- **Aim of the exercise**: Begin at the line containing "Durango Cream Mini" in the entries below and end at the line containing "Floral Rolled Sleeve"; transcribe that range exactly and nothing outside it.

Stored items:
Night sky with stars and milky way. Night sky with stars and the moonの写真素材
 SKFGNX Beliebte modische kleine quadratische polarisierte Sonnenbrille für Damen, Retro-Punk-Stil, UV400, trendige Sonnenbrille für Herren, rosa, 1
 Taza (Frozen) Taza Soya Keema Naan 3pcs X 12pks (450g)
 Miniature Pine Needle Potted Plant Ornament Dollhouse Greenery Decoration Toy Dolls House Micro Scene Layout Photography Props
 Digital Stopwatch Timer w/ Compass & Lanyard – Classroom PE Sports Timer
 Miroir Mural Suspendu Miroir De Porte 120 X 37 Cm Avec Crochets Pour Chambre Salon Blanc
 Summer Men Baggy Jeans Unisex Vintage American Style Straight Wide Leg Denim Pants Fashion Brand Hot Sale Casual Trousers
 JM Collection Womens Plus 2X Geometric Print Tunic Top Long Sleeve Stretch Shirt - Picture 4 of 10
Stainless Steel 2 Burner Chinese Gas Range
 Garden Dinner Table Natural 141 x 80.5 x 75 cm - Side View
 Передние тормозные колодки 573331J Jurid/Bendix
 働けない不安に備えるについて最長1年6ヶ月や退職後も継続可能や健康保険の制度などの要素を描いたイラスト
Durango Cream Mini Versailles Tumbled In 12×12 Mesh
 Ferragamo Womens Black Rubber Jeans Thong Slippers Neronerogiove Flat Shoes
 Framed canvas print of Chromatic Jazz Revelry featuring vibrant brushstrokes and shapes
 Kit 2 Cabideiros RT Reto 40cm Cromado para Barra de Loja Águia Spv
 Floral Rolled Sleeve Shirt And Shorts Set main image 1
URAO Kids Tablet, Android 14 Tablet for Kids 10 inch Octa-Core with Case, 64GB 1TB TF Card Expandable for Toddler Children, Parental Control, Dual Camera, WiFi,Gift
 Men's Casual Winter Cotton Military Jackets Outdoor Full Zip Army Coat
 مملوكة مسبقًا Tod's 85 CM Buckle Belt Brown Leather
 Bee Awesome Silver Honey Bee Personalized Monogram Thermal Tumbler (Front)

- **Solution to the problem**:
Durango Cream Mini Versailles Tumbled In 12×12 Mesh
 Ferragamo Womens Black Rubber Jeans Thong Slippers Neronerogiove Flat Shoes
 Framed canvas print of Chromatic Jazz Revelry featuring vibrant brushstrokes and shapes
 Kit 2 Cabideiros RT Reto 40cm Cromado para Barra de Loja Águia Spv
 Floral Rolled Sleeve Shirt And Shorts Set main image 1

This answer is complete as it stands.